= WHAT THIS TASK INVOLVES =
Below are the records; copy out every line that holds the word "Photo".

= INFORMATION PROVIDED =
········

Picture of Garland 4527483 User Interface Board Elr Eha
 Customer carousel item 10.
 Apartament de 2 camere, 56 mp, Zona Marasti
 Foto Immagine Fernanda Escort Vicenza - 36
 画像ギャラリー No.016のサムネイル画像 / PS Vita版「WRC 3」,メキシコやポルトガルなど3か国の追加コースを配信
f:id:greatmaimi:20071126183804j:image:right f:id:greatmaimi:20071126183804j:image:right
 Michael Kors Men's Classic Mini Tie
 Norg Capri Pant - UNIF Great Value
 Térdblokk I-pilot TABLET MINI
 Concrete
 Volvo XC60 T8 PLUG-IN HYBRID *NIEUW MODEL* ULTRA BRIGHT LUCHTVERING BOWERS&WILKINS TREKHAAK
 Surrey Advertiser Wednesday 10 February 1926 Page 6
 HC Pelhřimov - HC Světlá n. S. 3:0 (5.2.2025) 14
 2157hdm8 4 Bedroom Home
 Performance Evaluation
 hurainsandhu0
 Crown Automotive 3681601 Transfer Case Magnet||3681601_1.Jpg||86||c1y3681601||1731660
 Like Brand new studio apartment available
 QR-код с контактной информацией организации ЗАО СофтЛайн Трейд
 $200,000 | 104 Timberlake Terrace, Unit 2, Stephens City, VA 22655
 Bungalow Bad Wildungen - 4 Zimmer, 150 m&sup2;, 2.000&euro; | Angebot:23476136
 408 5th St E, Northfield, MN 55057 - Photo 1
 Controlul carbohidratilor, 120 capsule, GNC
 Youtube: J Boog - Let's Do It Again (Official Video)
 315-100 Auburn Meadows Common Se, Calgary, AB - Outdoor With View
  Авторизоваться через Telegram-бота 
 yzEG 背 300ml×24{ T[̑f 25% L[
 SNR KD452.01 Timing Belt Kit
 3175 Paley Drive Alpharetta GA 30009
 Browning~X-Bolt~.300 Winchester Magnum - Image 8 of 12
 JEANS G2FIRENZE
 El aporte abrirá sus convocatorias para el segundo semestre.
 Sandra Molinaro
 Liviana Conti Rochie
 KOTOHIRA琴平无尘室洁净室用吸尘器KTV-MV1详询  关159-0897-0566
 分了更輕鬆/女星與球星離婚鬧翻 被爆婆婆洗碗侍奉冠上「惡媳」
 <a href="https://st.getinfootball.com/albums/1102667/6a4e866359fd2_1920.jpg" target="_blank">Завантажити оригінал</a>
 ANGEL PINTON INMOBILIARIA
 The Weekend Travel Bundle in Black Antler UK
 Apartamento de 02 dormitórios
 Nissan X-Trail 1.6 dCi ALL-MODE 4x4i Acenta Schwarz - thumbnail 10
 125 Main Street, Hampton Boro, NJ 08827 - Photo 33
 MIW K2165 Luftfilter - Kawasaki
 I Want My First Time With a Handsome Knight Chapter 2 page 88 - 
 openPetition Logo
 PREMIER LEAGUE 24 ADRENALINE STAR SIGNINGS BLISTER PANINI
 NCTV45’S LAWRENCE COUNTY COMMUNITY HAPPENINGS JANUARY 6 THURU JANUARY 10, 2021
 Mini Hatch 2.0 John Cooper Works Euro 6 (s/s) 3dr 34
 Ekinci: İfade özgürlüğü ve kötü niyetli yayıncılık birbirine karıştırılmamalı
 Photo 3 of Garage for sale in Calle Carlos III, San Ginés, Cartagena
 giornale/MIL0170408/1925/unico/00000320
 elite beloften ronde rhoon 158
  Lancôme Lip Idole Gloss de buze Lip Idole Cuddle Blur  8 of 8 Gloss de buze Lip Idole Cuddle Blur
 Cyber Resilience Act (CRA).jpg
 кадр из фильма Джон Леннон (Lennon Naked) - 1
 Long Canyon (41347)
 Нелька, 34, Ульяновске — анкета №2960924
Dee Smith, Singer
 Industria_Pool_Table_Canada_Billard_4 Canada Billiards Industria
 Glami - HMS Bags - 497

········

= COMPLETED EXERCISE =
 408 5th St E, Northfield, MN 55057 - Photo 1
 125 Main Street, Hampton Boro, NJ 08827 - Photo 33
 Photo 3 of Garage for sale in Calle Carlos III, San Ginés, Cartagena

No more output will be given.